Why the change on North Hill?
Spokane’s North Hill area is returning to the fold of Community Development Block Grant Neighborhoods.
Whether that is a positive or negative development is likely to be a subject of debate.
Those who say it’s good news would include those who welcome the $30,115 in federal funds that the designation makes available for neighborhood betterment efforts. Street and sidewalk improvements, housing rehabilitation, parks and playgrounds, social services — those are among the uses to which CDBG money can be put under federal guidelines.
Between 1978 and 1994, the North Hill neighborhood received between $45,000 and $100,000 a year. In 1994, once 1990 census data had been compiled and analyzed, North Hill no longer qualified for the program and the funding ended.
It no longer was disadvantaged enough, based on a variety of factors that include poverty, the age and ownership of housing, the components of the population measured by age, ethnicity and marital status.
In many ways, however, loss of CDBG eligibility was a sign of success for the North Hill neighborhood. It showed that the demographic factors that impact community vitality had achieved a healthier mix. That the store of social capital in place there reflected an increase of assets and a decrease of needs.
Just what the CDBG program was intended to encourage.
The same thing happened this year to the Lincoln Heights neighborhood across town.

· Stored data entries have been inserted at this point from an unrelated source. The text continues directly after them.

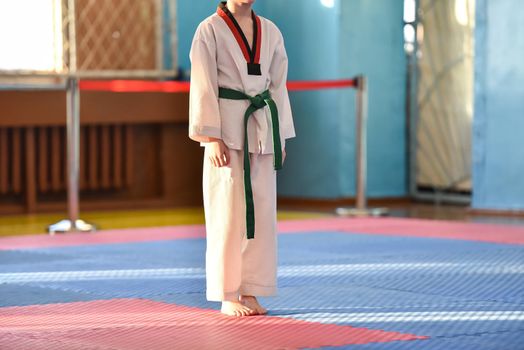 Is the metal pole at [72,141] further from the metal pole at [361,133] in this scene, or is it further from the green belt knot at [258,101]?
the green belt knot at [258,101]

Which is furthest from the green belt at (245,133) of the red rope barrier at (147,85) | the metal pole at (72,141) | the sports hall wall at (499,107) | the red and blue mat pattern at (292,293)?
the sports hall wall at (499,107)

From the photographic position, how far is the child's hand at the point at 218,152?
12.1 feet

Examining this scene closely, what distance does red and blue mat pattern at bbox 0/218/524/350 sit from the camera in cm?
329

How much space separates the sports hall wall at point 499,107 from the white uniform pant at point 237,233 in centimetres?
453

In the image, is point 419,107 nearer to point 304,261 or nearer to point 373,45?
point 373,45

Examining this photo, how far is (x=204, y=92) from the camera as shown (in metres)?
3.69

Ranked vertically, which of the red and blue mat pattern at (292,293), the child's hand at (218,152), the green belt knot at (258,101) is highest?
the green belt knot at (258,101)

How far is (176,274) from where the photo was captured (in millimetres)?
4840

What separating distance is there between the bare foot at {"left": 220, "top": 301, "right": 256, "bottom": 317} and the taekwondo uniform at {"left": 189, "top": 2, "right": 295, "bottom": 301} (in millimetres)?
20

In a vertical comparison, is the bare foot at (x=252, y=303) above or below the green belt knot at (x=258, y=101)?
below

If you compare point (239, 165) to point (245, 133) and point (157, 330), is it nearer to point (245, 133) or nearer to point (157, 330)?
point (245, 133)

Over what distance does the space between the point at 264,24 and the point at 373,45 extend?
17.6 feet

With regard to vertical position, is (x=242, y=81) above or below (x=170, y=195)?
above

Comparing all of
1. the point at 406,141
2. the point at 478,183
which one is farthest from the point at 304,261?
the point at 406,141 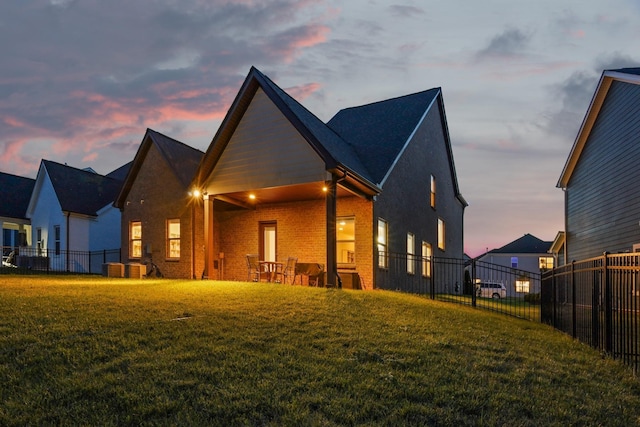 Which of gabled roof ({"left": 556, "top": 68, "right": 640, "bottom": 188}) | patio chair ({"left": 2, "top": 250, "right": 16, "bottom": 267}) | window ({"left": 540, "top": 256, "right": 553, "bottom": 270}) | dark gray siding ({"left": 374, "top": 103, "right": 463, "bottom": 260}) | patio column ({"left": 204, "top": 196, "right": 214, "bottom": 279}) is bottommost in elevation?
window ({"left": 540, "top": 256, "right": 553, "bottom": 270})

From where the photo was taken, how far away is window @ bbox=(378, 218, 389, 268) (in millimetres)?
14167

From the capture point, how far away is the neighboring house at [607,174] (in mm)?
13492

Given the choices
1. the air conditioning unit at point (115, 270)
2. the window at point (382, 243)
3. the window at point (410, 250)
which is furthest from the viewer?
the window at point (410, 250)

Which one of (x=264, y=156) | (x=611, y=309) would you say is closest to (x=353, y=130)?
(x=264, y=156)

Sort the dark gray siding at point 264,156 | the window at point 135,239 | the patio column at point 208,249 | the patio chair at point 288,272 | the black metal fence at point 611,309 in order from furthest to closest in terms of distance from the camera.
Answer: the window at point 135,239 < the patio chair at point 288,272 < the patio column at point 208,249 < the dark gray siding at point 264,156 < the black metal fence at point 611,309

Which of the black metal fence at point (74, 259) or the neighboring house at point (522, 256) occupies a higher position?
the black metal fence at point (74, 259)

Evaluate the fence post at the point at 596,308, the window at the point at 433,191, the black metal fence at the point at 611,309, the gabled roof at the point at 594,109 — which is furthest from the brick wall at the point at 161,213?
the gabled roof at the point at 594,109

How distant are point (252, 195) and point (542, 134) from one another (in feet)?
66.6

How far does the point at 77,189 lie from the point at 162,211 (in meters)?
9.94

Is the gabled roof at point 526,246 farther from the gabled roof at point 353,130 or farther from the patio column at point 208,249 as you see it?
the patio column at point 208,249

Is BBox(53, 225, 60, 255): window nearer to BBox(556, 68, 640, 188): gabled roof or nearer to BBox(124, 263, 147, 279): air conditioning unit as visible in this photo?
BBox(124, 263, 147, 279): air conditioning unit

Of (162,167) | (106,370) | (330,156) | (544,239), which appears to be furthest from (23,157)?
(544,239)

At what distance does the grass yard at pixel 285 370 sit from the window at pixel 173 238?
9250 millimetres

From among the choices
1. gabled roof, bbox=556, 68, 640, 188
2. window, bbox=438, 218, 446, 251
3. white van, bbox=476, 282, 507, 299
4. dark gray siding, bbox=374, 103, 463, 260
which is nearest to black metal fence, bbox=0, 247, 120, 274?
dark gray siding, bbox=374, 103, 463, 260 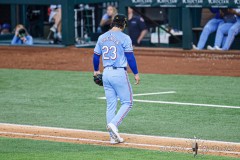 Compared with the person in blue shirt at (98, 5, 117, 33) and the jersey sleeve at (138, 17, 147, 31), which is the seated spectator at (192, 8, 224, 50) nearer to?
the jersey sleeve at (138, 17, 147, 31)

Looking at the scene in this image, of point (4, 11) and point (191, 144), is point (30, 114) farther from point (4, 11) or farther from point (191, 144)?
point (4, 11)

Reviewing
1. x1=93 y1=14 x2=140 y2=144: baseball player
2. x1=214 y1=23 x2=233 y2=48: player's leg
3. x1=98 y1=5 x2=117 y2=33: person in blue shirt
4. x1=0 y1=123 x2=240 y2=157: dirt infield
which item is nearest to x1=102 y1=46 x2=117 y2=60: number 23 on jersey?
x1=93 y1=14 x2=140 y2=144: baseball player

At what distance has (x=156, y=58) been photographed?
2058 centimetres

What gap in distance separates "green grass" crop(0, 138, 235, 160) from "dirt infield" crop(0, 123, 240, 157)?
285 mm

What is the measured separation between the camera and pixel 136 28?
23.1 meters

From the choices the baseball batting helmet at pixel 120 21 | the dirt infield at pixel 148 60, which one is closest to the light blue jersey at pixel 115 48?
the baseball batting helmet at pixel 120 21

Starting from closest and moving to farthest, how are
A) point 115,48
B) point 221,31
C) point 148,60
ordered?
point 115,48, point 148,60, point 221,31

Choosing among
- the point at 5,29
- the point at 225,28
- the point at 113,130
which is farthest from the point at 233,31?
the point at 113,130

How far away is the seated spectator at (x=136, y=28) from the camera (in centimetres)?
2298

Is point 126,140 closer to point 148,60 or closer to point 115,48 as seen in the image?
point 115,48

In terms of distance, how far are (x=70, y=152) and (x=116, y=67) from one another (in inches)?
53.8

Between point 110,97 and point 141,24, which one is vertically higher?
point 110,97

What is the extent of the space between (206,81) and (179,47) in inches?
217

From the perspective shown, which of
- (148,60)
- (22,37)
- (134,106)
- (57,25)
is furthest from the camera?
(57,25) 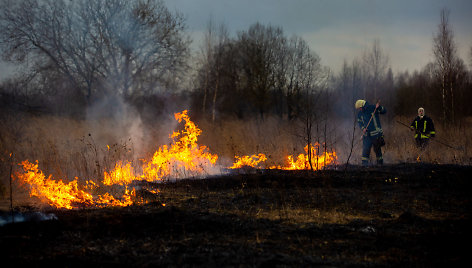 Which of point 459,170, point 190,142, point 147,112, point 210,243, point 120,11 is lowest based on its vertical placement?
point 210,243

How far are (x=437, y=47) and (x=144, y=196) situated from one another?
16974mm

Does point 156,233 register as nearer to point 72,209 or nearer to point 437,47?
point 72,209

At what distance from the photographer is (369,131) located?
1126 cm

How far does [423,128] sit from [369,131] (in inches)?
98.1

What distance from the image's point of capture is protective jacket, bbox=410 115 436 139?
1239 cm

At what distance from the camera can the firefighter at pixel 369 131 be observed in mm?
11125

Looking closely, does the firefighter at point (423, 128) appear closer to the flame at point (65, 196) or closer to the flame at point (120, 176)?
the flame at point (120, 176)

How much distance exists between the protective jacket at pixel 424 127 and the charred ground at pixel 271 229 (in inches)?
167

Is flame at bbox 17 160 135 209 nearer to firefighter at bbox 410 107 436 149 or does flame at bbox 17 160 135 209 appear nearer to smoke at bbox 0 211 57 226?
smoke at bbox 0 211 57 226

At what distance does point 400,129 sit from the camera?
19422 millimetres

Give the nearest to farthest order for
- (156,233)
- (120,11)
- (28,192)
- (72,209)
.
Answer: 1. (156,233)
2. (72,209)
3. (28,192)
4. (120,11)

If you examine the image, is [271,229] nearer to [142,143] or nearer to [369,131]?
[369,131]

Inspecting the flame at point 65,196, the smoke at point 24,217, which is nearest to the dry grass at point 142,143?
the flame at point 65,196

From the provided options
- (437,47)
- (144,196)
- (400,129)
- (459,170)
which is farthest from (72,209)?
(437,47) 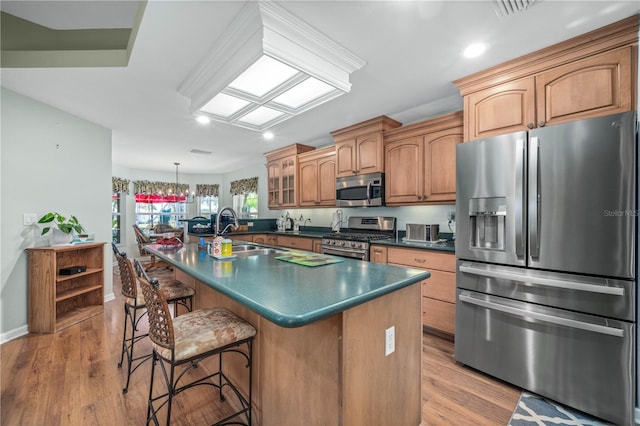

That neighborhood had been receiving $25,000 a year in CDBG money, but 2000 Census figures show the criteria no longer are met.
Meanwhile, though, North Hill has slipped back below the threshold and its funds will resume. That will be welcome news to community activists who worried a decade ago about how they would follow through on initiatives that were on the table at the time.
Still, it’s hard to think of a rising level of need as good news.
It would be easier to draw a clear conclusion if we knew with certainty just what the dynamics are that brought about the change. It was thought a decade ago that North Hill rose above the eligibility threshold after longtime residents died or moved away and their homes were purchased by younger families with higher incomes.
Now, speculates Mike Adolfae, director of community development for the city of Spokane, it may be that those young home buyers have moved on, too, but have kept their North Hill houses as rentals. That would impact the CDBG eligibility determination.
Unfortunately, the city lacks the information it would take to draw solid conclusions about why conditions have changed. Such data, although expensive and time-consuming to collect, would be invaluable in assessing whether socioeconomic conditions in Spokane’s low- and moderate-income neighborhoods are being addressed as effectively as possible.